Ana SayfaEkolojiBeyza Üstün: Faşizm sermayeye yeni birikim alanları açar; OHAL ekolojik yıkımı artıracak

Beyza Üstün: Faşizm sermayeye yeni birikim alanları açar; OHAL ekolojik yıkımı artıracak

HABER MERKEZİ – HDP MYK ve Ekoloji Kurulu üyesi akademisyen Beyza Üstün OHAL’in artarak devam eden ekolojik yıkımı daha da hızlandıracağı uyarısında bulundu.

OHAL süresince ‘mega’ projelere dokunulmazlık getirildi, Çevre ve Şehircilik Bakanlığına ek olarak Bakanlar kurulu kentsel dönüşümde söz sahibi oldu ve doğrudan ‘riskli alan’ ilan etme yetkisi verildi.

Kanun Hükmünde Kararnamelerle (KHK) çok sayıda ekoloji derneği kapatılırken, acele kamulaştırma kararları gerekçesinde ise Hidroelektrik Santrali (HES) ve diğer enerji projelerine ek olarak köprü ve yol yapımları yer aldı.

Doğayı tahrip edecek daha bir çok uygulamanın yürürlüğe konduğu OHAL’de, bunun ekolojiye yansımasını Halkların Demokratik Partisi (HDP) MYK ve Ekoloji Kurulu üyesi akademisyen Beyza Üstün değerlendirdi.

Gazete Şûjin’e konuşan Üstün OHAL sürecinde yasak ve operasyonların düzenlendiği bölgelerde hızlandırılan projelerin aslında 2002 yılında planlandığını belirtti.
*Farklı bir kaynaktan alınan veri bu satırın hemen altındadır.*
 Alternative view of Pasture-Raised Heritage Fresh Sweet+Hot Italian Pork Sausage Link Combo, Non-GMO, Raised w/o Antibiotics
2015’in Temmuz ayından itibaren de bu bölgelere operasyonların başladığını ifade eden Üstün, şimdi ise OHAL kapsamında buralara kimsenin sokulmadığını belirterek  “Doğayı katlediyorlar, karakollar kuruyorlar” şeklinde konuştu.
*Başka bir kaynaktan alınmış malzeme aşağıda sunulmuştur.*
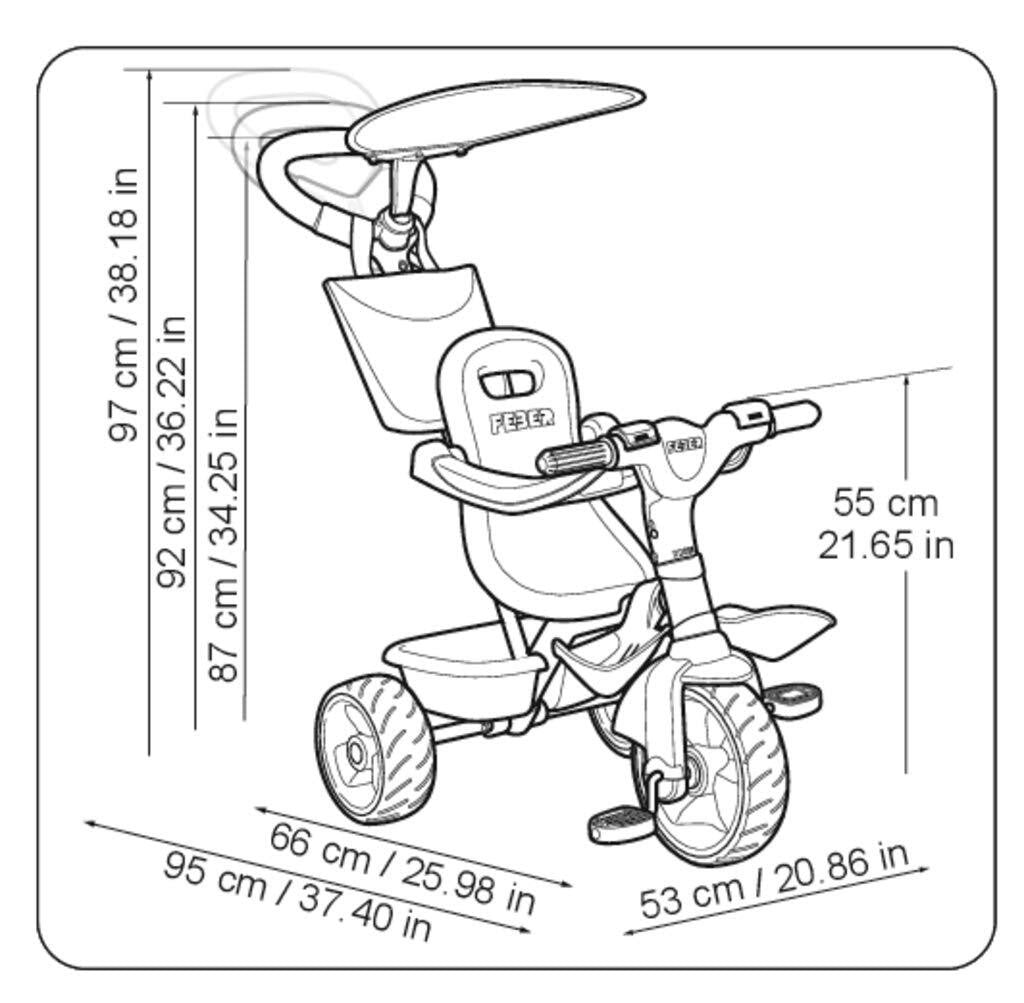Triciclo Plus Baby Music Azul - Feber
Yapılan kalekollara da dikkat çeken Üstün, şunları söyledi:

Bu yerleştirme sınıfsal olacak mutlaka. Kültür, tarih yok edilecek. Bu süreçlerin planlama tarihleri 2000’li yılların başları.

Hevsel için bunun planlamaları yapılıyordu. OHAL’de hem müdahaleyi kolaylaştırmak ve kendi istedikleri gibi elinde tutmak için karakollarla işlerine hız kazandırdılar. Sermaye planlarından vazgeçmedi.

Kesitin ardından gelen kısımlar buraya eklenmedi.